■ WHAT YOU SHOULD DO ■
Copy every entry word for word. Skip the pictures.

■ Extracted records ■
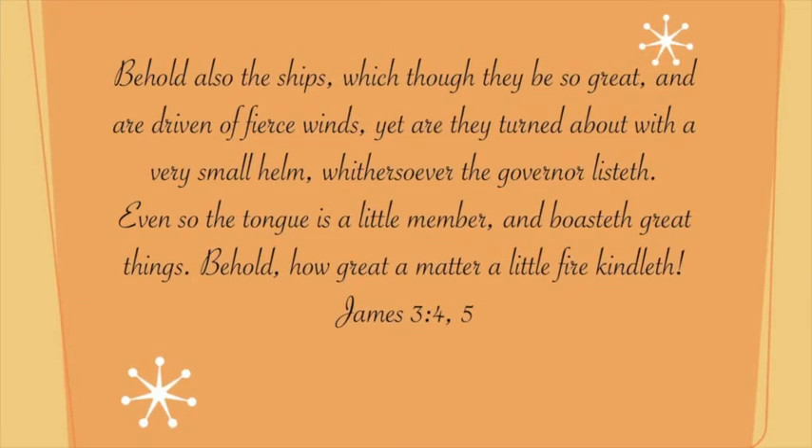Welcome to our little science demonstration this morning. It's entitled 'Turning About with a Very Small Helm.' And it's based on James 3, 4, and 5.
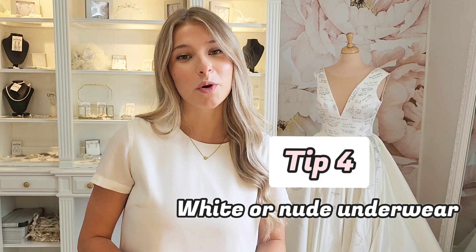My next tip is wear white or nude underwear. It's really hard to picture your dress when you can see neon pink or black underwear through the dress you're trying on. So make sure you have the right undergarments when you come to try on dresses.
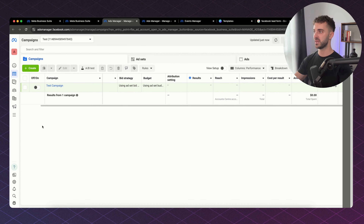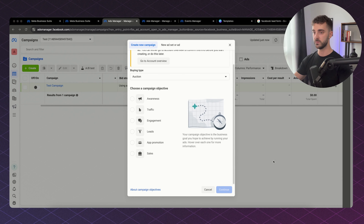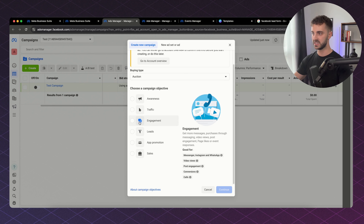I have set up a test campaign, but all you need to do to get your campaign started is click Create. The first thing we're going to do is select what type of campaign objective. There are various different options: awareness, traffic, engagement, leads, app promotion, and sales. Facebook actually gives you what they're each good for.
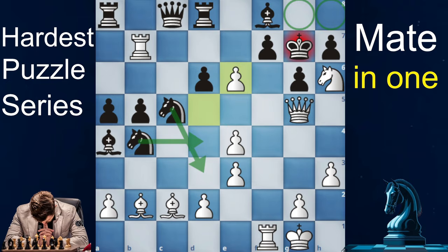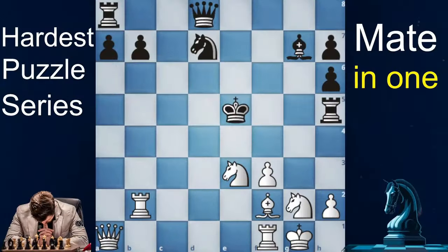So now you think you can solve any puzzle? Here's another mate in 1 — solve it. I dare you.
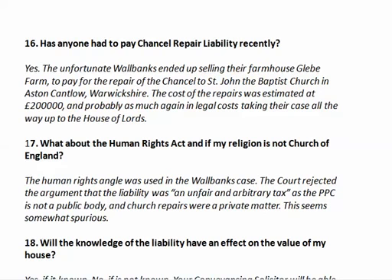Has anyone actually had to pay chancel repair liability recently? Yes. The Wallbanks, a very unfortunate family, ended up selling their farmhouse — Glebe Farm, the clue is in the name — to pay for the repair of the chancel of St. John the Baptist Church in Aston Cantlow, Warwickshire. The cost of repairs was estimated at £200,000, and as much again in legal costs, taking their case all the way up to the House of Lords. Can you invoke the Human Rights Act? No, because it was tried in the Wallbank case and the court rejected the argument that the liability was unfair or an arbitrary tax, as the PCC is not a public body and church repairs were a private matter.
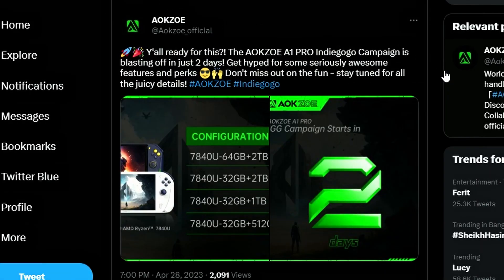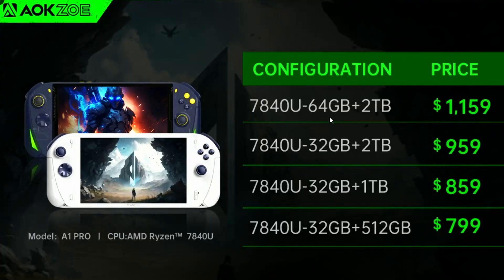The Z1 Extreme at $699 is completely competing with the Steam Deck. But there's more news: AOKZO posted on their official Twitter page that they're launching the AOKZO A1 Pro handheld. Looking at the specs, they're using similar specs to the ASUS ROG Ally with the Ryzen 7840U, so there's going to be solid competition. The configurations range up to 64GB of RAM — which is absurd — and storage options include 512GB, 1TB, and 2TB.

■ TASK OUTPUT ■
Welcome to our little science demonstration this morning. It's entitled 'Turning About with a Very Small Helm.' And it's based on James 3, 4, and 5.
My next tip is wear white or nude underwear. It's really hard to picture your dress when you can see neon pink or black underwear through the dress you're trying on. So make sure you have the right undergarments when you come to try on dresses.
I have set up a test campaign, but all you need to do to get your campaign started is click Create. The first thing we're going to do is select what type of campaign objective. There are various different options: awareness, traffic, engagement, leads, app promotion, and sales. Facebook actually gives you what they're each good for.
So now you think you can solve any puzzle? Here's another mate in 1 — solve it. I dare you.
Has anyone actually had to pay chancel repair liability recently? Yes. The Wallbanks, a very unfortunate family, ended up selling their farmhouse — Glebe Farm, the clue is in the name — to pay for the repair of the chancel of St. John the Baptist Church in Aston Cantlow, Warwickshire. The cost of repairs was estimated at £200,000, and as much again in legal costs, taking their case all the way up to the House of Lords. Can you invoke the Human Rights Act? No, because it was tried in the Wallbank case and the court rejected the argument that the liability was unfair or an arbitrary tax, as the PCC is not a public body and church repairs were a private matter.
The Z1 Extreme at $699 is completely competing with the Steam Deck. But there's more news: AOKZO posted on their official Twitter page that they're launching the AOKZO A1 Pro handheld. Looking at the specs, they're using similar specs to the ASUS ROG Ally with the Ryzen 7840U, so there's going to be solid competition. The configurations range up to 64GB of RAM — which is absurd — and storage options include 512GB, 1TB, and 2TB.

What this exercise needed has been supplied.